Pero el verdadero meteorito que extingue esta entrega no cae del cielo: camina sobre dos piernas y recita diálogos huecos. La franquicia siempre se sostuvo sobre personajes humanos que encarnaban nuestros miedos y contradicciones. Aquí, en cambio, tenemos una galería de maniquíes sin carne ni espíritu: mercenarios insípidos, científicos genéricos y capitalistas malvados de manual, tan desechables como la carnada que arrojan a los raptores. ¿De verdad alguien se estremece por la suerte de Zora Bennett? ¿Nos conmueve el paleontólogo masticando mentas como chiste de sitcom? No. Porque no hay humanidad, solo figurines intercambiables.
Incluso la subtrama —una familia atrapada en la isla con más suerte que sentido común— brilla no por su audacia, sino porque al menos genera la ilusión de peligro.
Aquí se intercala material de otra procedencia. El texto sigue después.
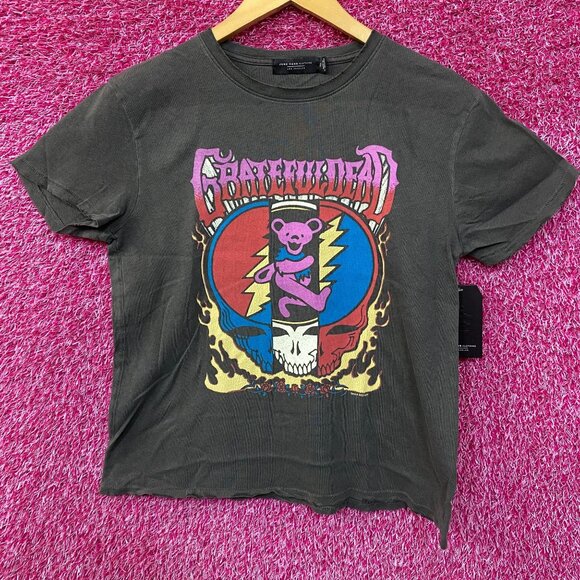 Junk Food Clothing Grateful Dead Dancing Bear & Skull Crop Top Extra Small - Picture 1 of 4
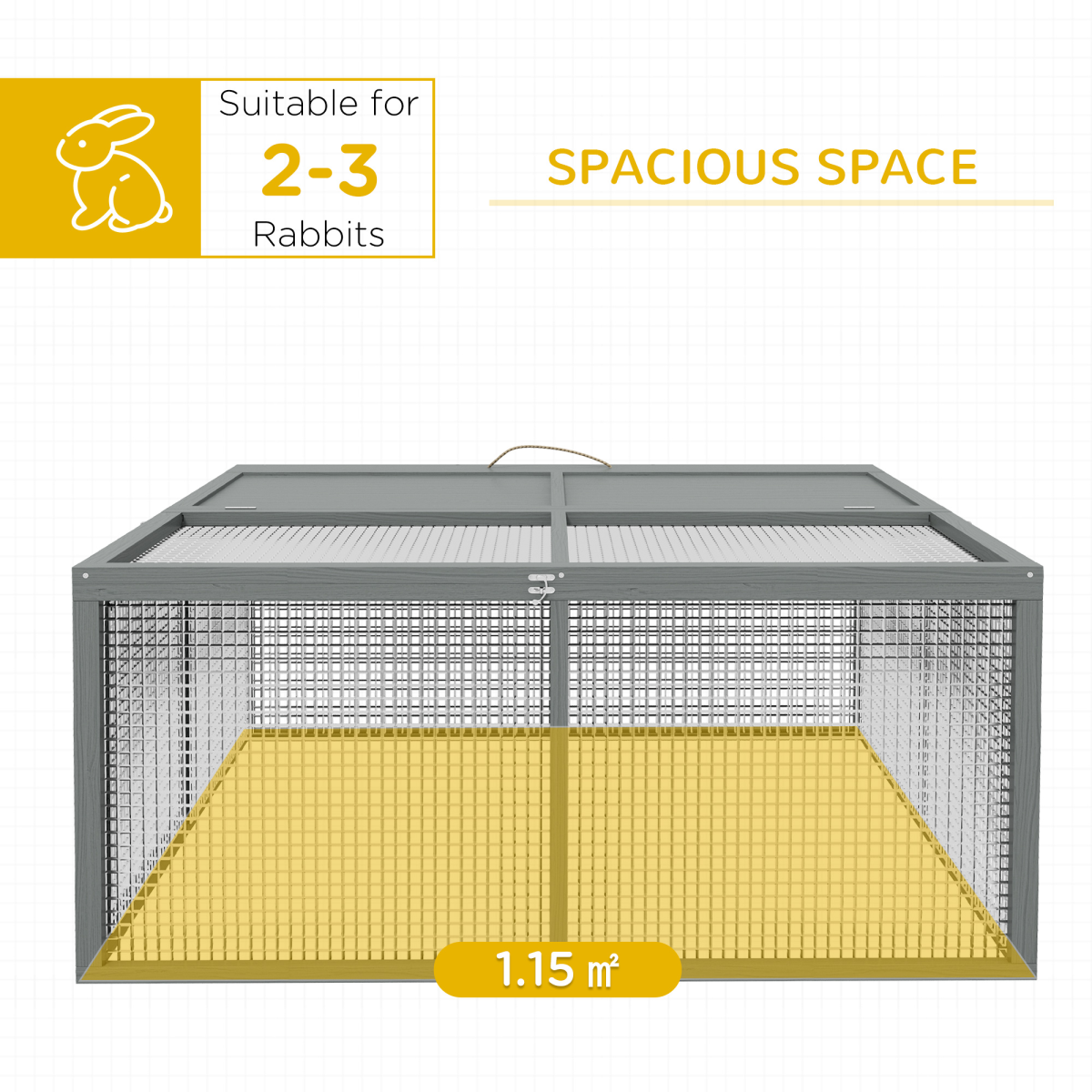 PawHut Wooden Folding Rabbit Run for 2-3 Rabbits, Guinea Pig, Grey - from PawHut
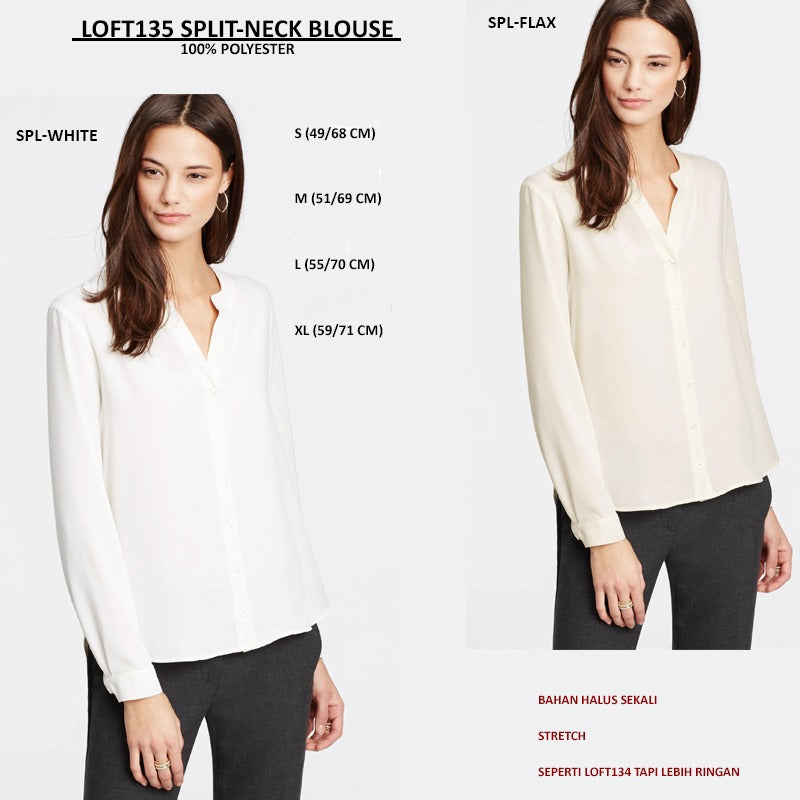 Atasan Blouse Wanita Lengan Panjang (LOFT135 SPLIT-NECK BLOUSE)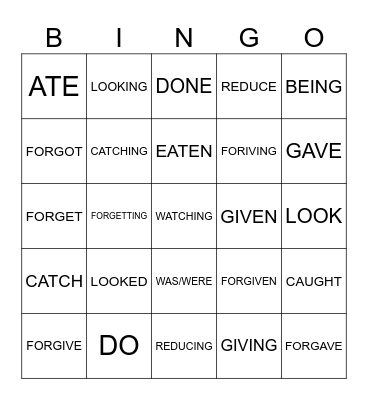 VERBS CONJUGATED Bingo Card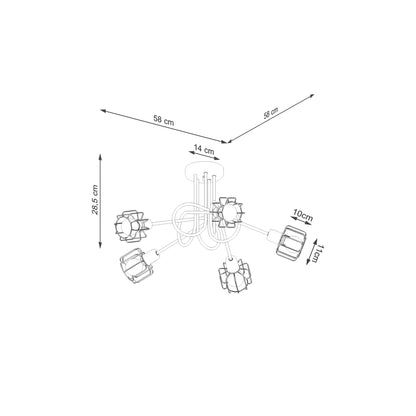 Beluci 5S Chandelier in Black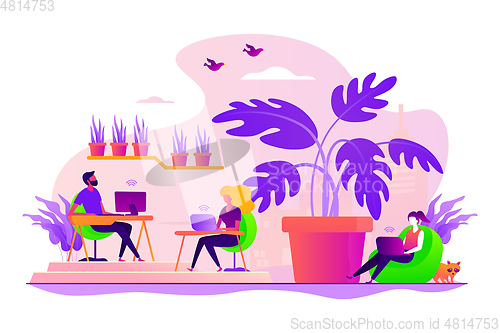 Image of Biophilic design in workspace concept vector illustration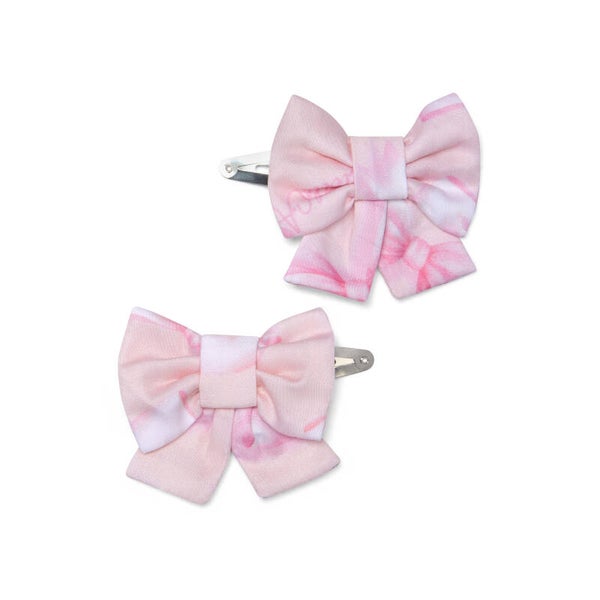 Little A - Perfectly Pink bow print hair clips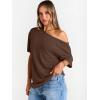 imageTrendy Queen Womens Off The Shoulder Tops Oversized TShirts Short Sleeve Tees Summer 2026 Casual Spring Fashion ClothesChocolate Brown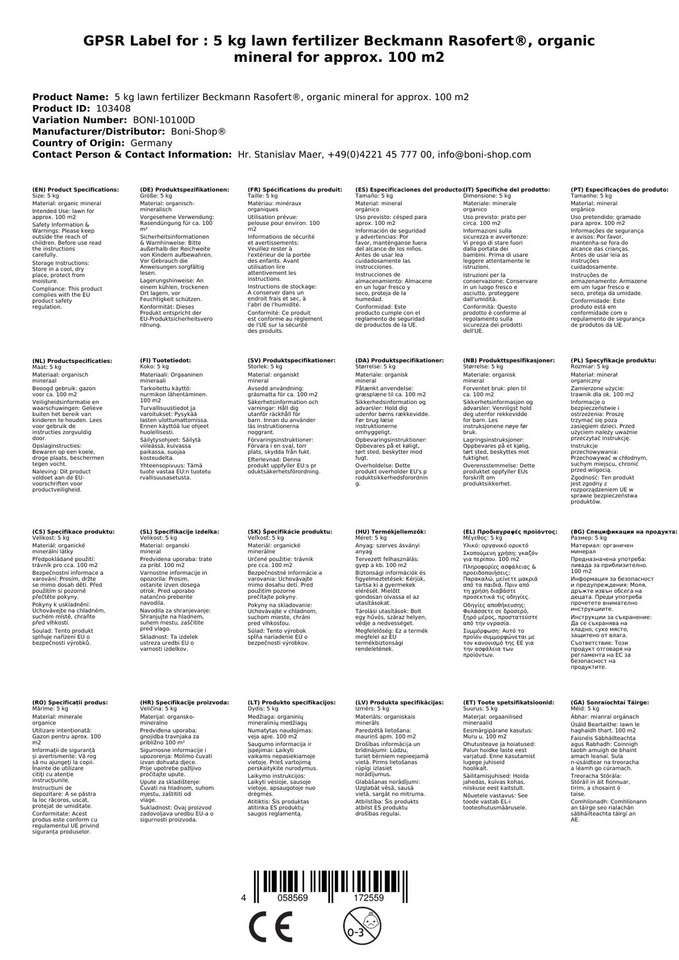 5 kg Rasendünger Beckmann Rasofert®, organisch-mineralischer für ca. 100 m² - Bild 3 von 3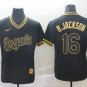 Kansas City Royals #16 Bo Jackson Nike Fashion Jersey Black Gold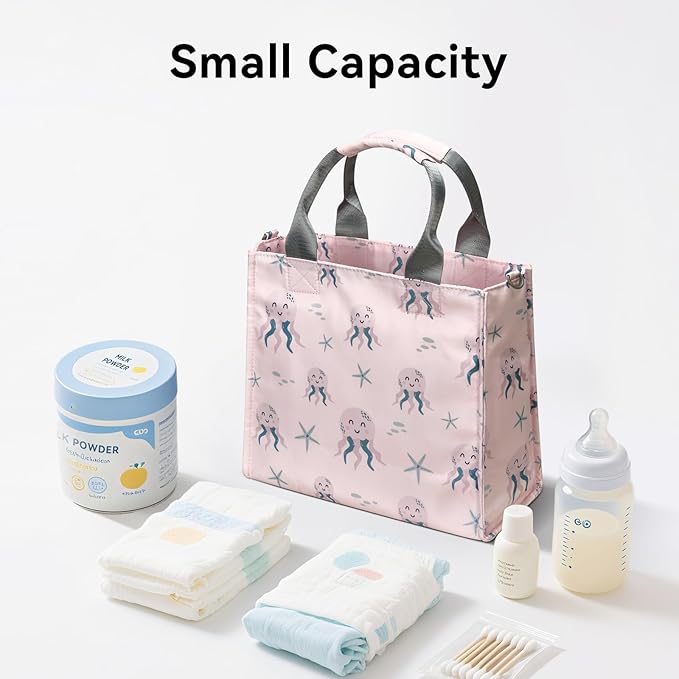 PHEBEN Small Diaper Bag Tote Waterproof Travel Mini Diaper Bag Multi-Function Baby Handbag Crossbody Purse(Pink Octopus)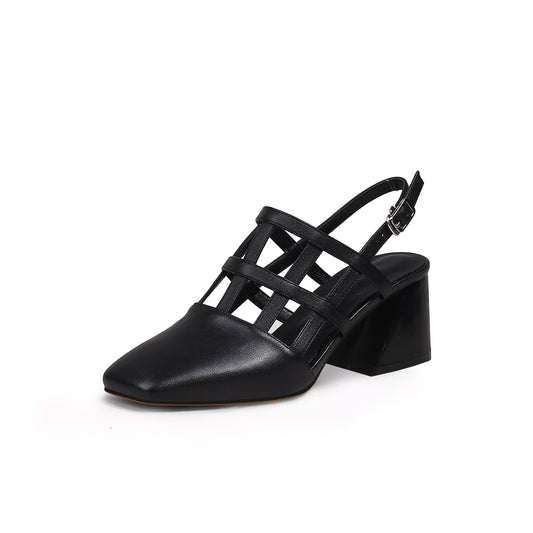Chic Woven Leather Ankle Strap Mules-1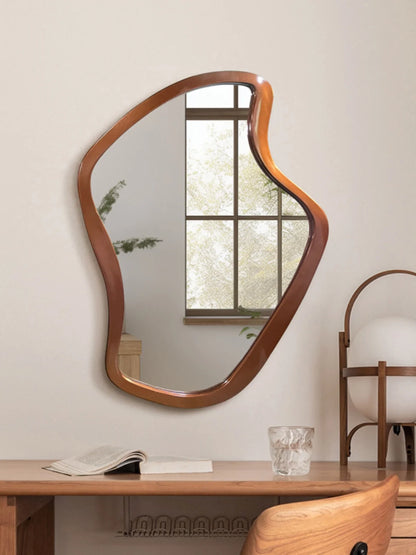 Nordic Minimalism Style Wall-Hanging Mirror Home Decoration Bathroom Makeup Mirror Creative Irregular Shape LED Light Hd Mirror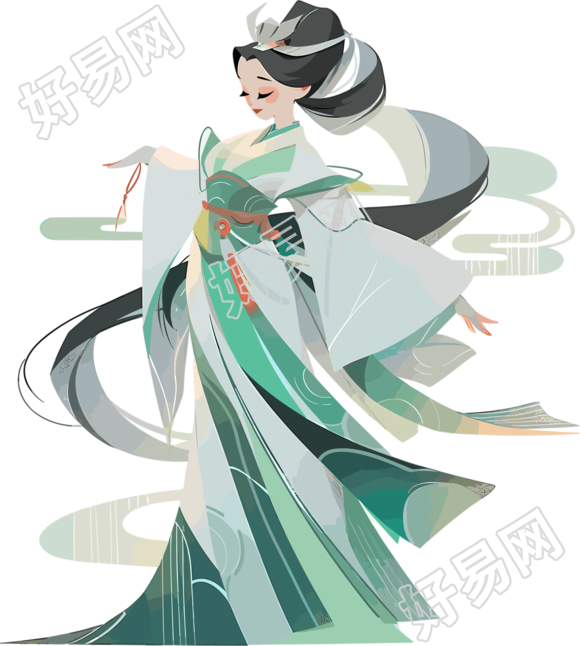仙女大长腿插画素材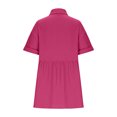 thumbnail image 4 of Pisexur Robes Femmes Belle Robe d'Été pour Femmes Décontractée Sans Manches à Col Rond à Lacets Robe Plissée Rose Vif,m, 4 of 9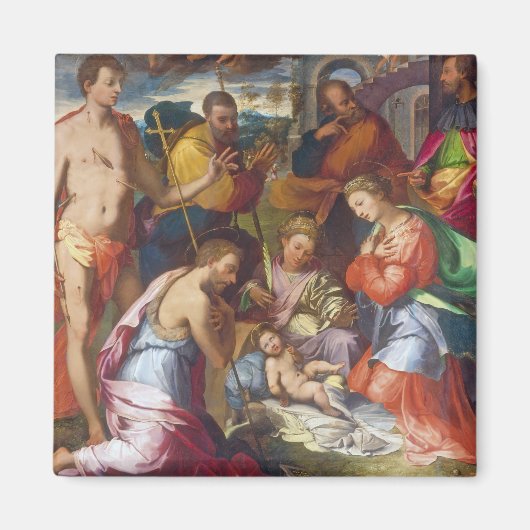 Die Krippe, 1534 (Öl auf Tafel) Magnet (Vorne)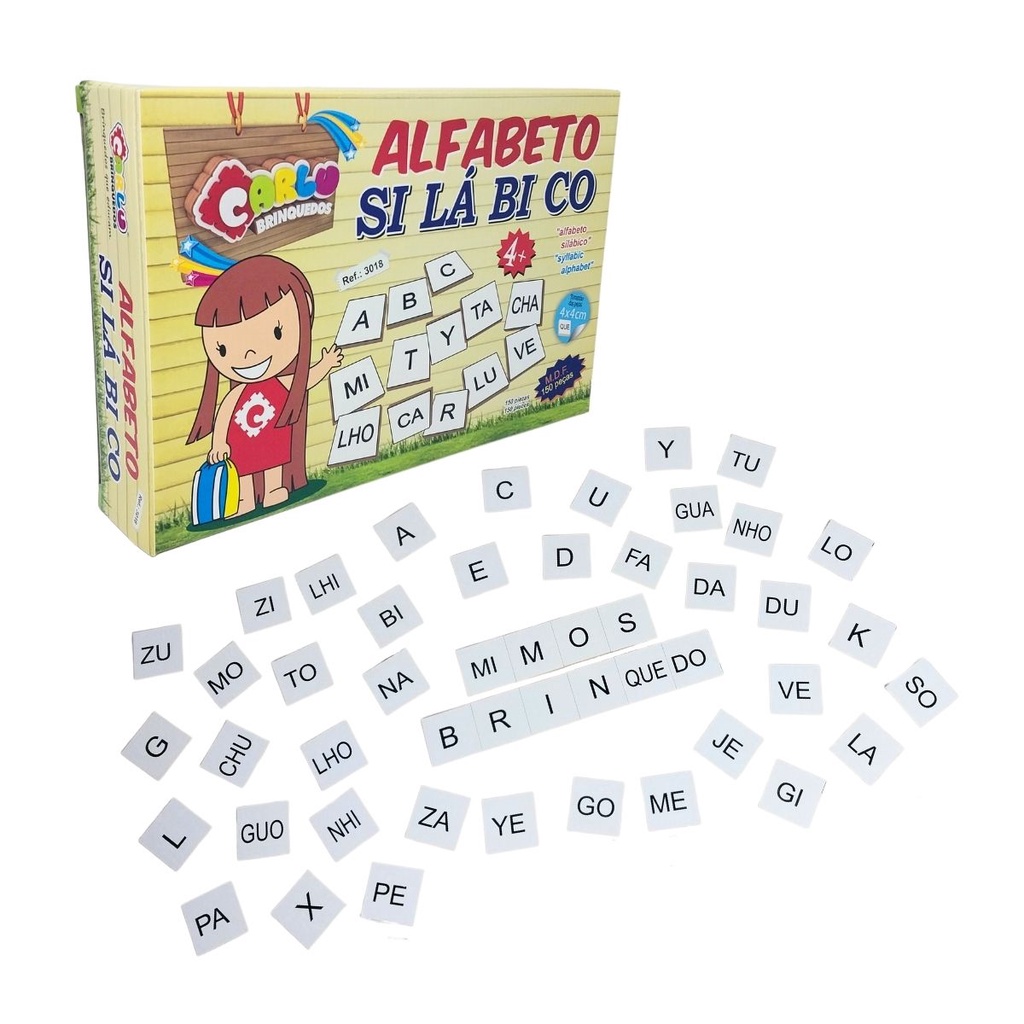 Carlu Brinquedos - Alfabeto Silábico Jogo Educativo, 4+ Anos, 350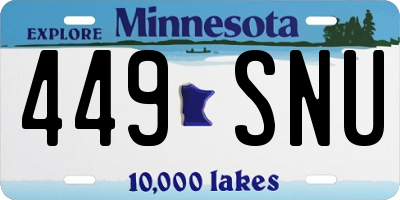 MN license plate 449SNU
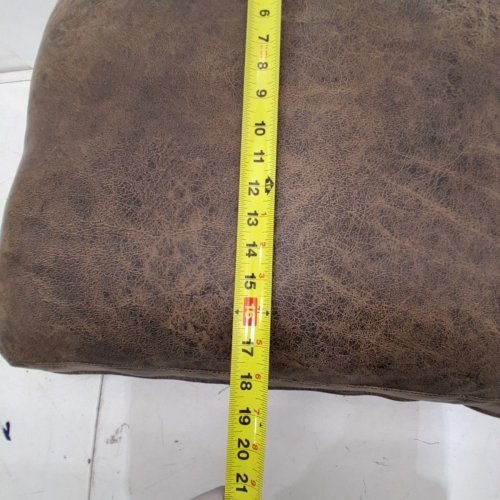 FAUX LEATHER CUSHION - 18" X 23"X 17" - BROWN image 5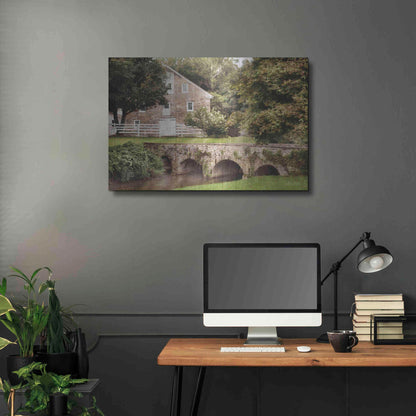 Luxe Metal Art 'Old Stone Barn and Bridge' by Lori Deiter, Metal Wall Art,36x24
Una familia en fuga, un mosasaurio más grande que la taquilla de Dominion, y algunos saltos de árbol a árbol son lo más cerca que Renace está de recordarnos que esta saga alguna vez fue sinónimo de terror y maravilla. ¿Pero alcanza para sostener una película? Ni de broma. La tensión se evapora cada vez que la cámara vuelve a Johansson, que está más preocupada por posar que por sobrevivir.
El colmo de la tristeza es que la película se jacta de ser un “homenaje” a la original, mientras copia sus planos icónicos sin entender su ADN emocional. La música de Desplat —un reciclaje ceremonial de Williams— apenas alcanza para disfrazar la necrosis creativa. Las ideas que podrían revitalizar la franquicia —dinosaurios mutantes, farmacéuticas carroñeras, islas ecuatoriales convertidas en reservas prohibidas— se quedan varadas como huevos sin incubar. Ni la ciencia ficción especulativa ni la sátira corporativa encuentran un resquicio para florecer. Todo se resume en una fórmula de parque temático: corran, griten, mastiquen Snickers y pasen por la tienda de souvenirs donde hay muchos paquetes de Lays de todas las variedades.
Esta es la paradoja cruel de Jurassic World Renace: no muerde porque no quiere sangrar. Prefiere ser un reinicio tibio, domesticado para sobrevivir en la taquilla global, incapaz de devorar a su propio mito y renacer con furia.
Así que aquí estamos, treinta y dos años después, alimentando a un monstruo sin garras. Un dinosaurio de cartón piedra que deambula por la selva digital, rugiendo para ver si todavía recordamos aquel bramido primigenio que nos hizo saltar de la butaca. Lo recordamos, claro. Pero este fósil reanimado no lo merece.